By conventional thinking, Donald Trump’s tariff strategy is a failure: he sidestepped Congress, chose a dubious legal rationale to do it, and now the tariffs have been struck down by the Supreme Court, putting his entire trade agenda at risk. But that’s only one way to look at it.
Looked at another way, Trump’s tariffs were a bold and creative way to kick-start his agenda in an ongoing era of congressional gridlock. Because of the arcane workings of the US legal system, it has taken an entire year for the Supreme Court to get around to striking them down. In that year, as they wound through court after appeal after oral argument, the tariffs have been in place, and they have been arguably one of the most transformational policies of Trump’s entire presidency.
To be clear, they have not been transformational in anything approaching the way that Trump actually intended them to be.

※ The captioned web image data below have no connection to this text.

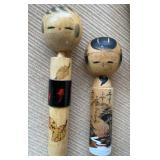 AAA257- Vintage Kokeshi Hand painted Dolls Set Of 2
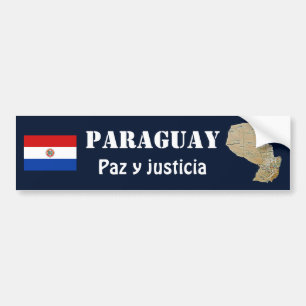 Paraguay Flag + Map Bumpersticker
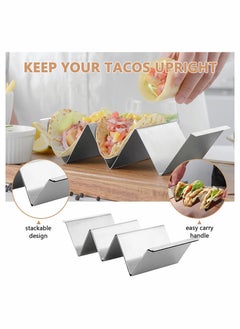 Excefore 2 Packs Taco Holders Set, Stainless Steel Taco Stand Taco Trays, Hold 2 or 3 Hard or Soft Shell Tacos, Oven Dishwasher And Grill Safe, Fill & Serve Tacos with Ease  - Image 5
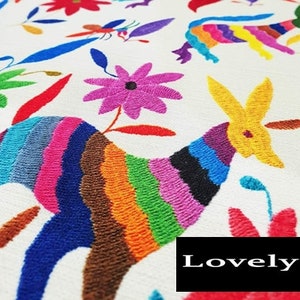 Mexican Steppes With Embroidery Effect | Mexico Fabric by the yard | Sewing Fabric | Polyester Fabric | Upholstery Fabric | 140 cm wide 55&#39;&#39;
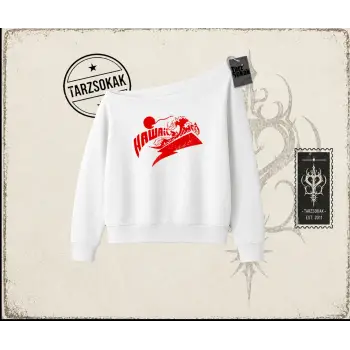 Kadın Hawaii Kadın Kayık Yaka Sweatshirt Beyaz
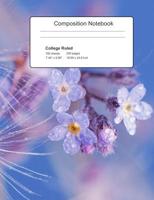 Composition Notebook, College Ruled: Purple Flowers, Floral Design 1080368035 Book Cover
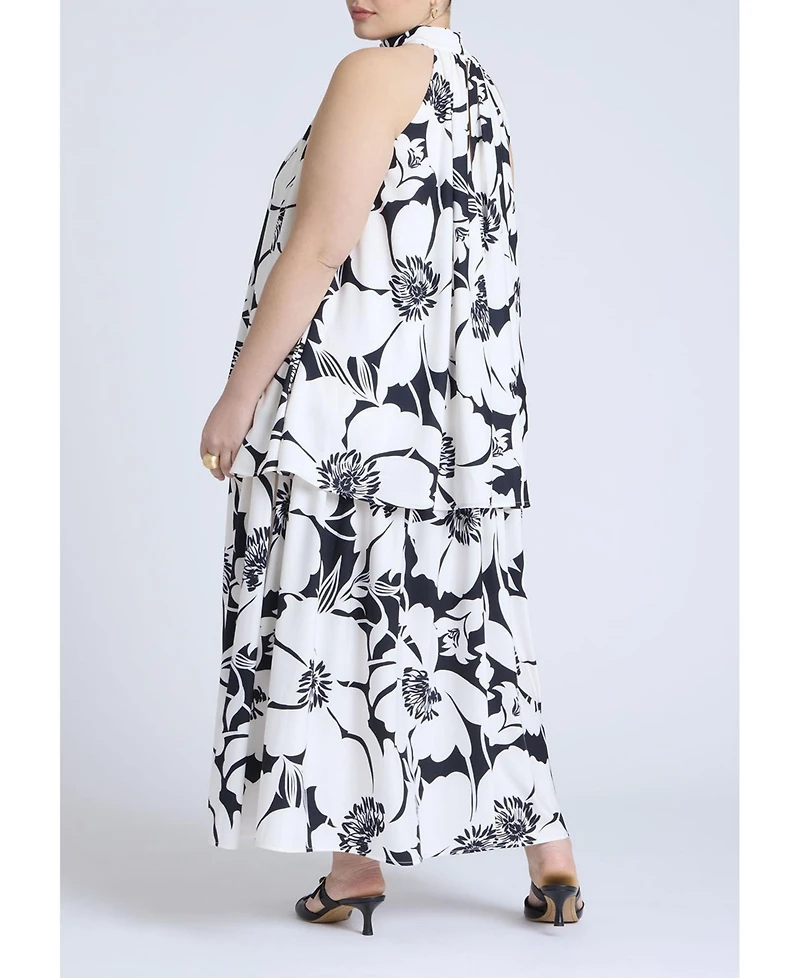 Eloquii Women's Double Layer Trapeze Maxi Dress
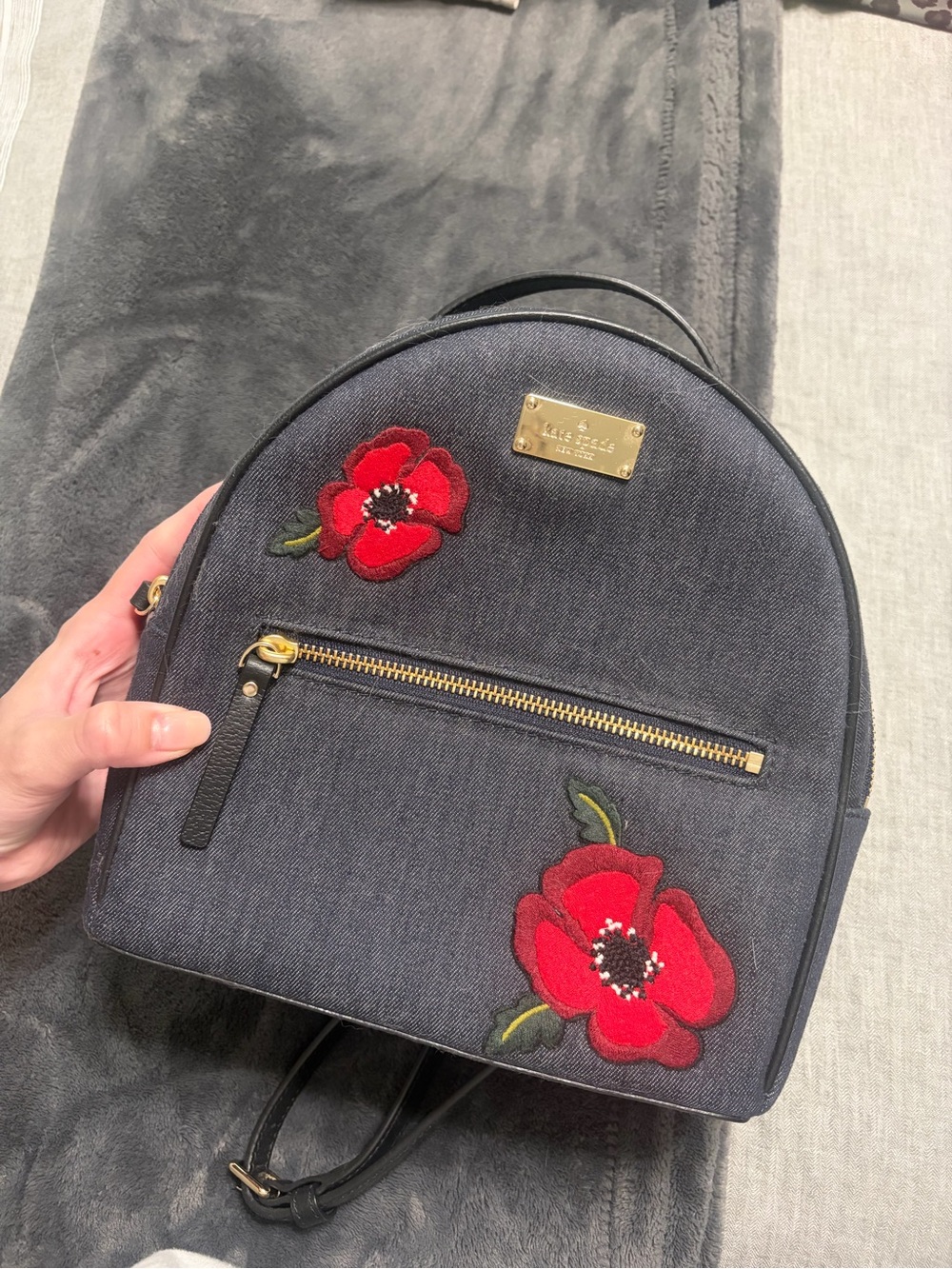 kate spade Black Denim Mini Backpack with Red Floral Appliqués
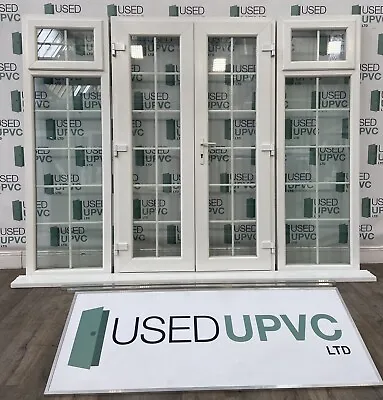 £849.90 • Buy Upvc Pvcu French Doors White Georgian Bars Top Window Side Lights External Used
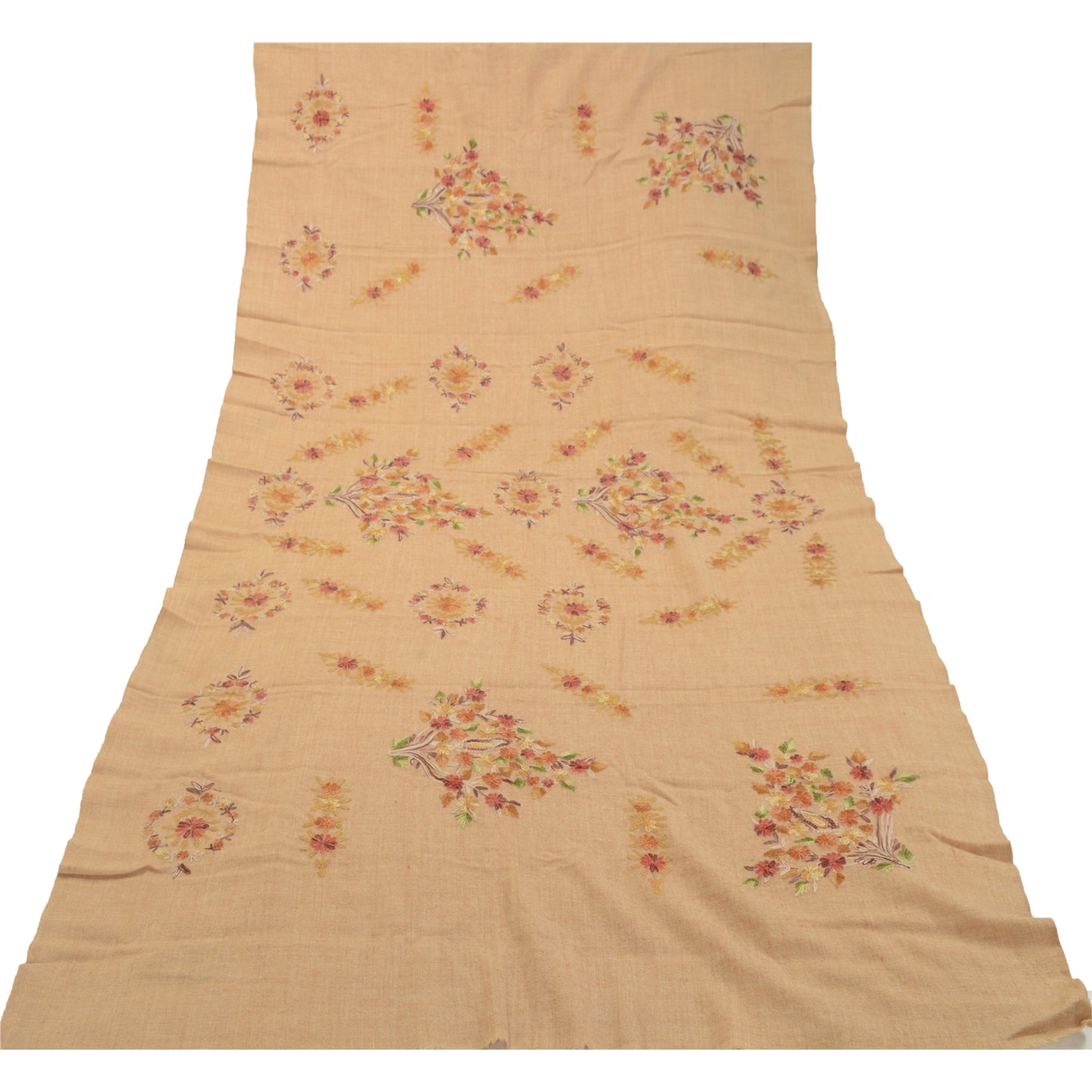 Sanskriti Vintage Long Shawl Handmade Ari Work Pure Woollen Scarf Throw Stole
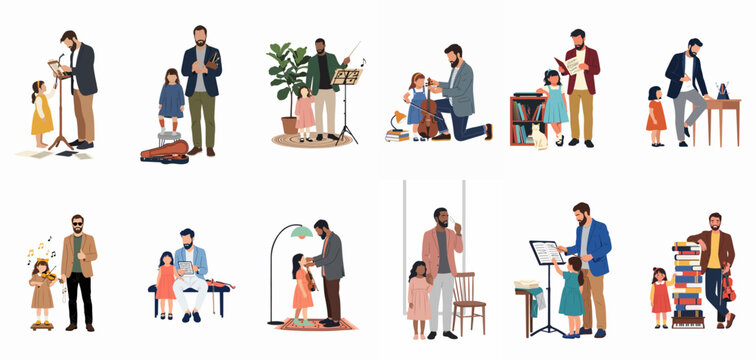 Flat vector illustration set of diverse fathers and daughters bonding over music, including violin lessons, conducting, and reading sheet music on white background.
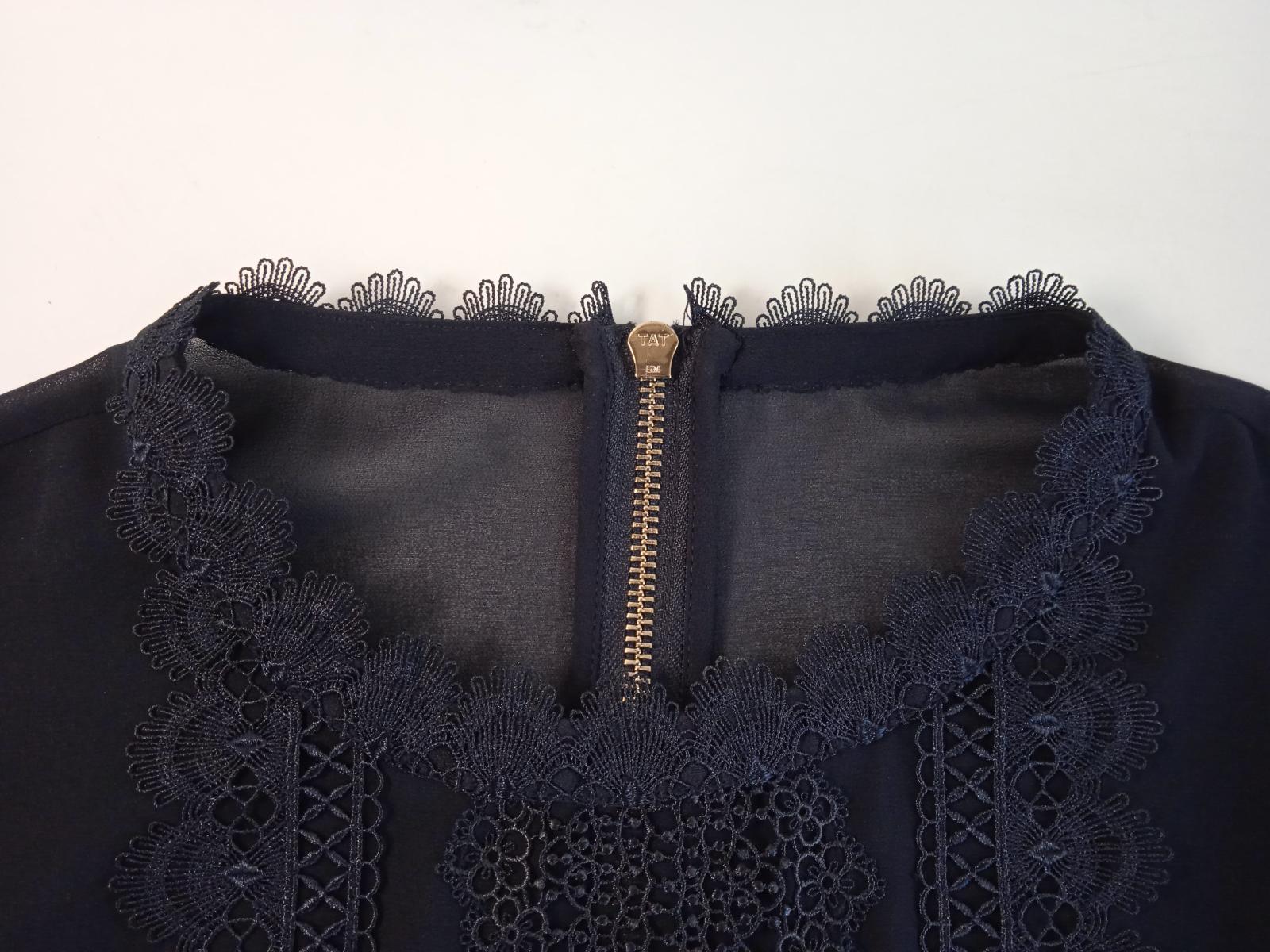 TED BAKER Ladies Navy Blue Lace Trim Pleated Looez Fit & Flare Dress S ReThread TED BAKER Ladies Navy Blue Lace Trim Pleated Looez Fit & Flare Dress S ReThread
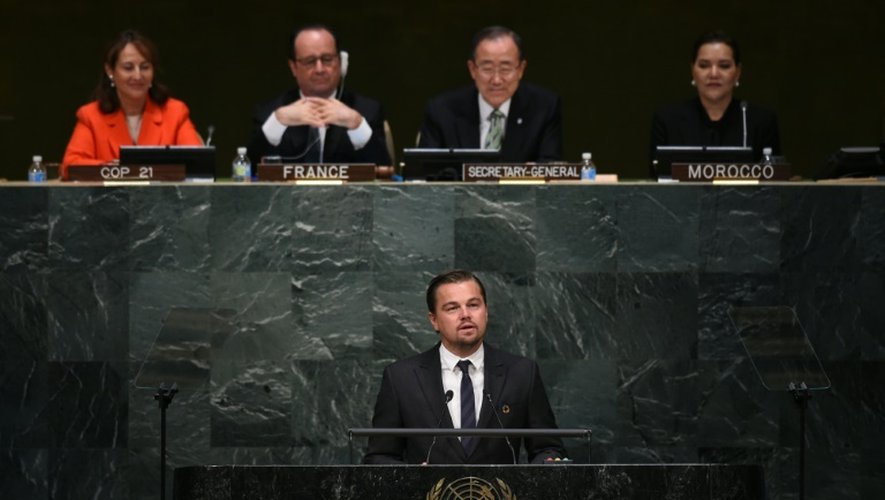 L'acteur et défenseur de l'environnement Leonardo DiCaprio à la tribune de l'ONU à New York, le 22 avril 2016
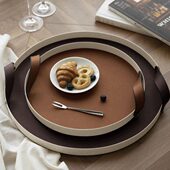 轻奢现金属皮质托盘级感收纳盘酒店家用客厅卧室桌面置物盘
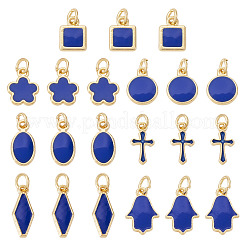 21 Stück 7 Stile Messing Emaille Charms&nbsp;KK-TA0003-19C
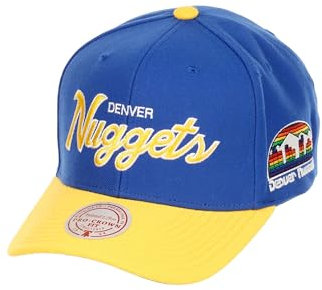 Mitchell & Ness Denver Nuggets NBA Team Script 2.0 Blau Gelb Verstellbare Gebogene Snapback Cap - One-Size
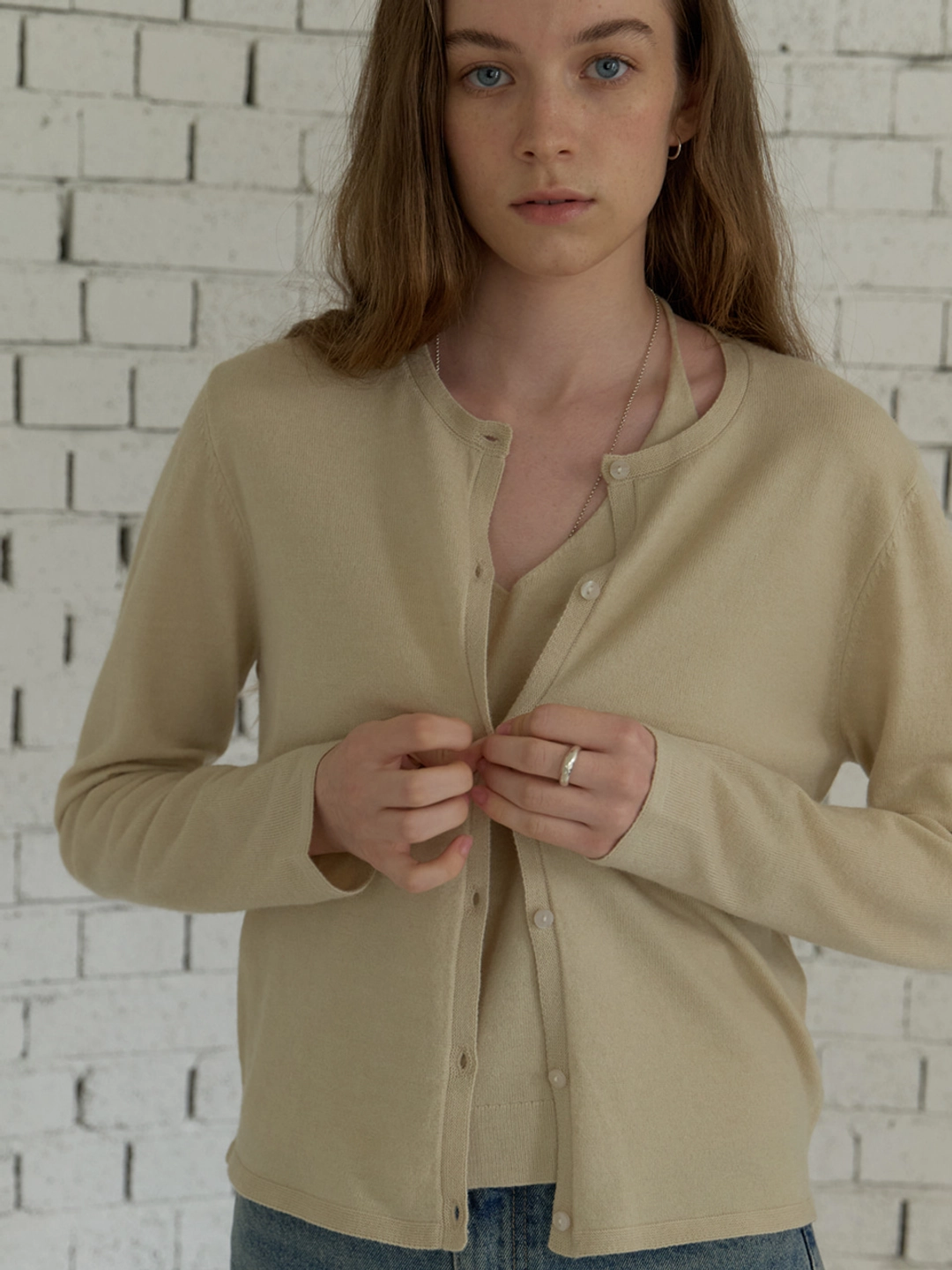 어몽 A 2-WAY CARDIGAN SET_LIGHT BEIGE 상품 이미지 3
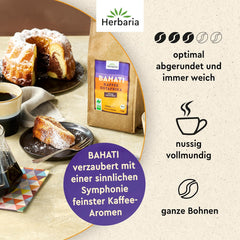 Herbaria BAHATI | BIO Kaffee ganze Bohnen | Naturland Fair zertifiziert aus Ostafrika | ausgewogene Röstaromen mit Noten von gerösteten Nüssen & Schokolade | Kaffeebohnen für Kaffeevollautomaten | 1kg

The tariffs have not revived US manufacturing; in fact, all evidence suggests they have been the latest major blow to that ailing sector, which has shed thousands of jobs every month for nearly the entire past year.
Likewise, they may have reshaped the global economic order, but not in ways that have benefited the United States. Outrage over the tariffs — their confusing and arbitrary nature, their indiscriminate punishment of both allies and foes, their use as a tool of political meddling, and their igniting of a trade war with China that Trump had to swiftly and embarrassingly back down from — has, in no particular order: weakened US global standing and pushed key security partners away; hastened efforts at de-dollarization; frayed the global alliances that have helped underwrite US power; and generally made leading rival China look like a more reliable and attractive bet than the United States to much of the world.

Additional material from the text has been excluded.